Cumulative probability within interval [t, t+1]

For a time-to-event (survival) analysis, I aim to calculate the probability of an event occurring within an interval, e.g. between time t and (t+1), where the time-to-event probability is drawn from a continuous distribution.

The time-to-event distribution could be Exponential, Gamma or Weibull. For this example I will use the simpler exponential distribution:

The probability of the event within the interval (conditional on the event not having previously occured) is given by \int_t^{t+1} 1-e^{- \lambda x} dx ; which can be written as (1-e^{- \lambda (t+1)}) - (1-e^{- \lambda t})

Or in stan syntax: exponential\_cdf(t+1~ |~ \lambda) - exponential\_cdf(t ~|~ \lambda)


The key part of model code on the log scale is therefore:

transformed parameters {
  vector[N] lp; //log probability for an interval

  for(i in 1:N)
      lp[i] = log_diff_exp(exponential_lcdf(t[i]+1 | lambda), 
                           exponential_lcdf(t[i]   | lambda));
} 

However, fitting this model results in an inability to initialise model parameters:

Chain 1 Rejecting initial value:
Chain 1 Gradient evaluated at the initial value is not finite.
Chain 1 Stan can’t start sampling from this initial value.
Chain 1 Rejecting initial value:
Chain 1 Log probability evaluates to log(0), i.e. negative infinity.
Chain 1 Stan can’t start sampling from this initial value.
Chain 1 Initialization between (-2, 2) failed after 100 attempts.

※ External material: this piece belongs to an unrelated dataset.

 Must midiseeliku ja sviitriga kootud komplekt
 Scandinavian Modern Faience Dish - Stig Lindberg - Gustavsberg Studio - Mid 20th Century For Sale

I have fitted many variations of this model and it seems that subtracting the cumulative probabilities is causing the difficulties. A simplified version of the full code is given below.

Can anyone explain this behaviour?


data {
  int <lower=1> N;                  //number of age classes
  array[N] int<lower=1> tested;     //number tested per age class
  array[N] int<lower=0> positive;   //number positive per age class
  array[N] int<lower=1> age_lower;  //lower interval of age class
  array[N] int<lower=age_lower> age_upper;  //upper interval of age class
}

parameters {
   real<lower=0> lambda;  //rate of exponential distribution 
}

transformed parameters {
  vector[N] lp;  //log probability within an interval

  for(i in 1:N)
      lp[i] = log_diff_exp(exponential_lcdf(age_upper[i] | lambda), 
                           exponential_lcdf(age_lower[i] | lambda));
} 

model {
    for(i in 1:N)
       target += binomial_lpmf(positive[i] | tested[i], exp(lp[i]));
}

Part of the problem may be that our log cdfs are for the most part implemented naively by taking the log of the cdf. This doesn’t make unstable in the tails.

You can use print(target()) to track when the target becomes -infinity. Did it not tell you where there was an error in the Stan code?

Also, it’s much more efficient to only compute the exponential lcdfs once. As is, you calculate most of them twice. That’d be something like this:

vector[N] exp_lcdf;
for (n in 1:N) {
  exp_lcdf[n] = exponential_lcdf(t[n] | lambda);
}

Did you really intend to write t[I] + 1 rather than t[i + 1]? Usually, you measure between time points in your time series, not between discrete indexes. So that’d be this:

vector[N - 1] lp;
for (n in 1:N - 1) {
  lp[n] = log_diff_exp(exp_lcdf[n + 1], exp_lcdf[n]);
}

with only N - 1 entries. Or maybe there’s a log(0) log cdf on the boundary?